All training scripts are in the ./scripts folder.

  1. Train the baseline models

    cd scripts
    # bash train_baseline.sh [dataset-name] [base-model-name]
    bash train_baseline.sh grotoap2 bert-base-uncased
    bash train_baseline.sh docbank microsoft/layoutlm-base-uncased
    
  2. Train the I-VILA models

    cd scripts
    # bash train_ivila.sh [dataset-name] [how-to-obtain-layout-indicators] [used-special-token] [base-model-name]
    bash train_ivila.sh grotoap2 row BLK microsoft/layoutlm-base-uncased 
      # Row is an alias for textline 
    bash train_ivila.sh docbank block SEP bert-base-uncased
      # We can also use the default special tokens like SEP 
    bash train_ivila.sh s2-vl sentence BLK roberta-base 
      # We can also extract the sentence breaks using spacy and use them as indicators.
    
  3. Train the H-VILA models

    cd tools
    python create_hvila_model_base_weights.py 
    
    cd ../scripts
    # bash train_hvila.sh \
    #  [dataset-name] \
    #  [H-VILA-names] \
    #  [Group-Encoder-Output-Aggregation-Function] \
    #  [How-to-Obtain-Bounding-Box] \
    #  [Use-textline-or-block-as-the-group]
    
    bash train_hvila.sh \
      grotoap2 \
      weak-strong-layoutlm \
      average \
      first \
      row 
    

    In the above example, we use the:

    1. average of the group encoder outputs for all tokens as the group representation
    2. the bounding box of the first token as the group's bounding box
    3. textline (or row) to construct the groups

Evaluation Toolkit

The evaluation toolkit can generate a detailed report for the prediction accuracy (marco F1 scores) and Visual Layout consistency (group entropy) for the prediction files test_predictions.csv produced by the training scripts.

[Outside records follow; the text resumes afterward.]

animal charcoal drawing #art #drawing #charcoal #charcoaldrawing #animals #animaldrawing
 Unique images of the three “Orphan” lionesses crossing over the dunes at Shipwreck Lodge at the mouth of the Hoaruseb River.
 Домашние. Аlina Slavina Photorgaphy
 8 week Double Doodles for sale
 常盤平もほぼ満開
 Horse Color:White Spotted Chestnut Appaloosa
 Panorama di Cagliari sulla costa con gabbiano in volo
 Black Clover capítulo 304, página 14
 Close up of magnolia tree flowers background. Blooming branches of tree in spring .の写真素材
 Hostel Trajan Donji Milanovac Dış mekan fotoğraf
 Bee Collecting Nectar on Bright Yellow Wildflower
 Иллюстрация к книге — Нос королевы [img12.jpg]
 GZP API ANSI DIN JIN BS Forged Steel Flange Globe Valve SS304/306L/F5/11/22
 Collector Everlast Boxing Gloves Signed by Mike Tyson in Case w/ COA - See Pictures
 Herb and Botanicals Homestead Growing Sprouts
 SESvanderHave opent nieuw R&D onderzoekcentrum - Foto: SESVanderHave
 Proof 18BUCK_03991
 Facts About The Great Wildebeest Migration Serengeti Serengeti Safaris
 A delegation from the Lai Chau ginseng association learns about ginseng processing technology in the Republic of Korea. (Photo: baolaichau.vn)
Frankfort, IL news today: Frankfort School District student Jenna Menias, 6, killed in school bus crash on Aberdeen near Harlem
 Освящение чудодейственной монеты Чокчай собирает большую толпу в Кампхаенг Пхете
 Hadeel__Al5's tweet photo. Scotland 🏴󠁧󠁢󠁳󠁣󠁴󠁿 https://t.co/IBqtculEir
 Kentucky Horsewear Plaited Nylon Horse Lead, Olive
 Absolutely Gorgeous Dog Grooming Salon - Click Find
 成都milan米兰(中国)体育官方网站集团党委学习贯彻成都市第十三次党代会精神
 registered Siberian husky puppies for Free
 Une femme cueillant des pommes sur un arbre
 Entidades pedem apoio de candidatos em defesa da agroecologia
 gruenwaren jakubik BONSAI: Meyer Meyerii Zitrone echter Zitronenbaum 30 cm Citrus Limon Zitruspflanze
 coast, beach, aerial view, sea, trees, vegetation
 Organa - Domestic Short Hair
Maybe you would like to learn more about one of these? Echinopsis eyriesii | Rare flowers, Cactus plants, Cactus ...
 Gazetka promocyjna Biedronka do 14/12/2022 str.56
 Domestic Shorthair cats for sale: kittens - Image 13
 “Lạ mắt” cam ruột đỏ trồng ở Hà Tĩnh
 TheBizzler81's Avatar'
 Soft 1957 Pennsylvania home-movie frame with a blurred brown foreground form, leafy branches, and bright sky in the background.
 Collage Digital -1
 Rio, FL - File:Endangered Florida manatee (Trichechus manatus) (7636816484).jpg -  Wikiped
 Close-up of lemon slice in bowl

  1. Generate reports for a group of experiments for a specific dataset
  cd tools
  python generate-eval.py --dataset_name grotoap2 --experiment_name baseline
  # It will create a _reports folder in ../checkpoints/grotoap2/baseline and store the 
  # scores in the report.csv file. 
  1. Generate reports for all experiments for a specific dataset
  cd tools
  python generate-eval.py --dataset_name grotoap2
  # It will create reports for all experiments in the ../checkpoints/grotoap2/ folder
  # Also it will aggregate all the results and save them in ../checkpoints/grotoap2/_reports 
  1. Generate reports for per-class accuracy
  cd tools
  python generate-eval.py --dataset_name grotoap2 --experiment_name baseline --store_per_class
  # In additiona to the report.csv file, it will also generate a report_per_class.csv
  # table in the corresponding folder. 

Note: this evaluation toolkits might take a long time to run as calculing the group entropy may take long.

Model Inference/Prediction

Please refer to the example code below

import layoutparser as lp # For visualization 

from vila.pdftools.pdf_extractor import PDFExtractor
from vila.predictors import SimplePDFPredictor
# Choose from SimplePDFPredictor,
# LayoutIndicatorPDFPredictor, 
# and HierarchicalPDFDataPreprocessor

pdf_extractor = PDFExtractor("pdfplumber")
page_tokens, page_images = pdf_extractor.load_tokens_and_image(f"path-to-your.pdf")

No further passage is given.